College graduation
  • The Education Department released new guidance to hold executives of for-profit colleges financially liable for unpaid costs to the government.
  • When a school shuts down or is accused of fraud, taxpayers or students often pay the costs.
  • The new guidance would determine the riskiest schools by considering existing criminal or civil lawsuits and settlements, among other things.

President Joe Biden's Education Department doesn't want to let executives of for-profit colleges that cause student debt to surge off the hook.

Last week, the Education Department released new guidance on implementing the Education Secretary's authority to hold executives of private colleges financially liable for the cost of unpaid debts defrauded students took on. When a school shuts down or is found to have engaged in fraudulent behavior, taxpayers and students often deal with the costs in the form of student debt or other sums owed to the federal government. 

Currently, there is no practice to hold executives of those schools accountable for those costs — and the new guidance is intended to put a rule in place to make that happen.
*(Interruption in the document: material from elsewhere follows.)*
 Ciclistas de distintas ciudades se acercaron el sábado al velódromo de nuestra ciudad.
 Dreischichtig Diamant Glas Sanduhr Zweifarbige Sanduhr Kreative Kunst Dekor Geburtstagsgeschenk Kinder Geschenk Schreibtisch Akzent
"The Biden-Harris Administration is canceling the loans of more than a million borrowers cheated by for-profit colleges. But too often, the owners and executives of these colleges escape liability," Under Secretary of Education James Kvaal said in a statement. "Congress gave the Department the authority to make college owners and operators personally responsible for these losses in certain circumstances and we are going to use that authority to hold them accountable, defend vulnerable students, protect taxpayer dollars, and deter future risky behavior." 

According to the press release, the guidance would require "an individual to assume personal liability on behalf of the institutions or groups of affiliated institutions that pose the largest financial risk to the United States," including schools that receive funding through federal financial aid each year. When determining what the riskiest institutions are, the department will consider:

  • Existing civil or criminal lawsuits, settlements, or disciplinary actions by the government involving claims of fraud 
  • Compliance issues or unpaid liabilities stemming from audits
  • And a compensation structure for executives that could "significantly affect the financial health of the institution."

For years, some Democratic lawmakers have been pushing for executives to be on the hook for behavior that caused students to take on more debt than they could afford to pay off. In 2021, top Democrat on the House education committee Bobby Scott told Education Sec. Miguel Cardona that taxpayers should not be responsible for costs of a defunct school.

"Given the substantial burden that is currently being borne by students and taxpayers when for-profit and converted for-profit institutions collapse, it is clear the Department has a responsibility to pursue any and all legal avenues available to recoup money that was allocated through financial aid programs," Scott wrote.

Federal Student Aid Director Richard Cordray later said that he "absolutely" agreed with Scott.

"More needs to be done to prevent people from abusing these student aid programs, from cheating taxpayers, from cheating students," he said at the time.

The department said it will evaluate costs for top executive on a case-by-case basis going forward. It has also taken other actions over the past year to help borrowers who believe they were defrauded by the school they attended by approving large batches of borrower defense claims, which are claims borrowers can file if they believe their school engaged in fraud, and if approved, their student debt would be discharged.

Over the summer, the department approved the largest group discharge to date for students who attended now defunct for-profit chains ITT Technical Institute and Corinthian Colleges.